Assigned task:
Repeat precisely the line in which "Pet Day BP02-SPR18" occurs and all lines that follow it in the entries below. Pictures must be omitted.

Supplied records:
§

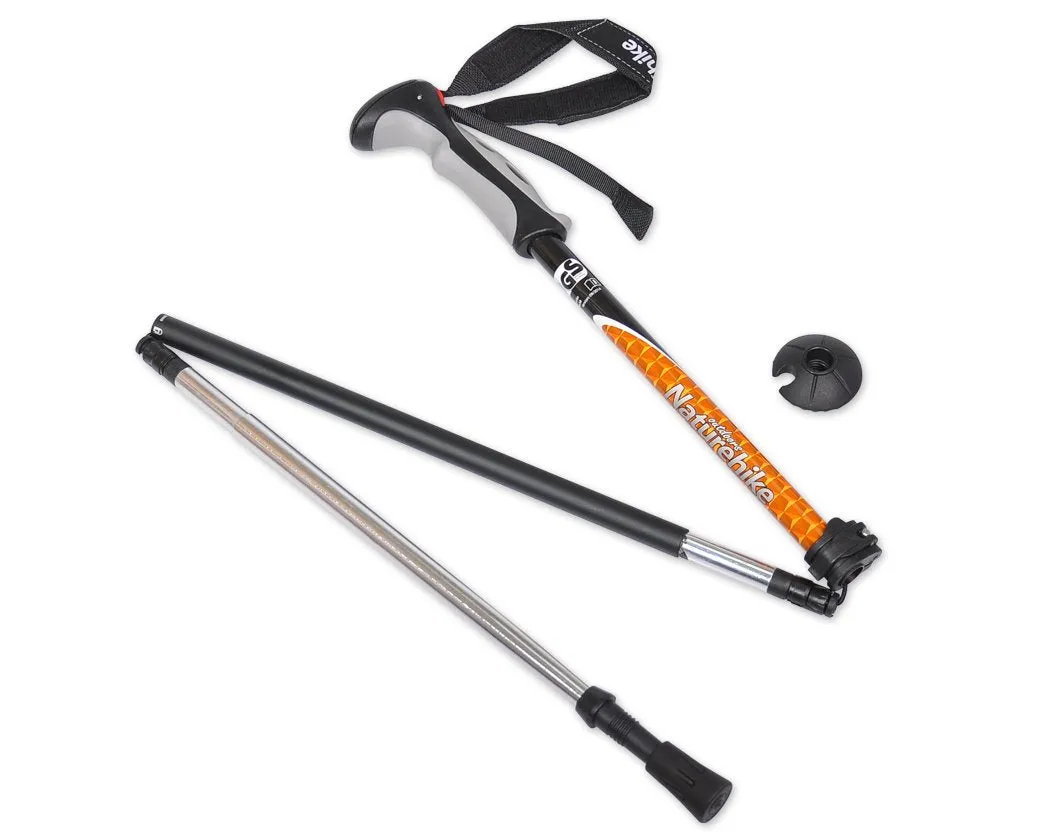 Folding Hiking Stick - Orange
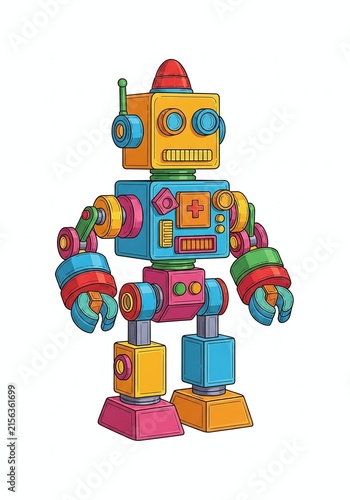 Colorful cartoon train with candy cargo illustration.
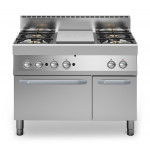 Cucina tuttapiastra a gas+4 fuochi MDLR Forno a gas Modello F70110TPPFGFBP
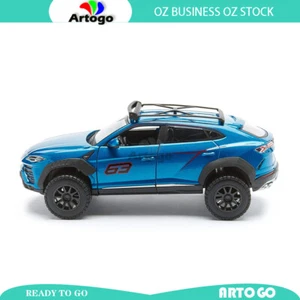 1:24 Scale Diecast Replica Model Car Off Road Lamborghini Urus Blue For Baby 8y+ - Picture 1 of 2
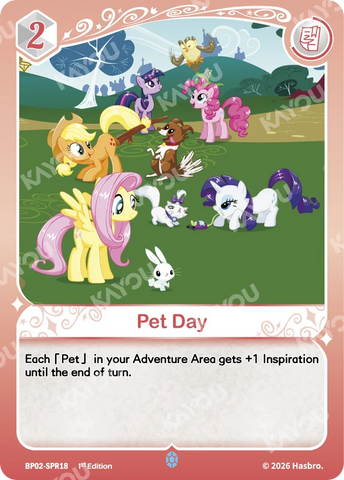 Pet Day BP02-SPR18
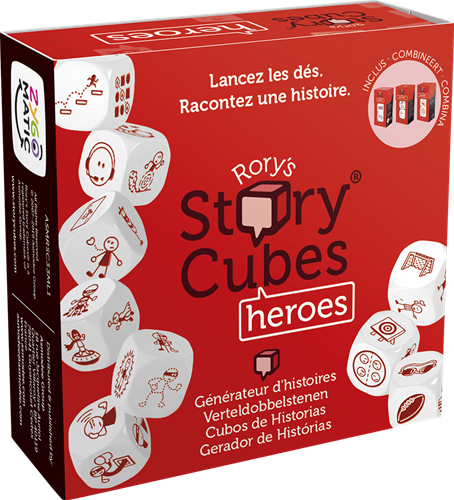 Rory's Story Cubes: Heroes (Bordspellen), The Creativity Hub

§

Result of the task:
 Pet Day BP02-SPR18
 Rory's Story Cubes: Heroes (Bordspellen), The Creativity Hub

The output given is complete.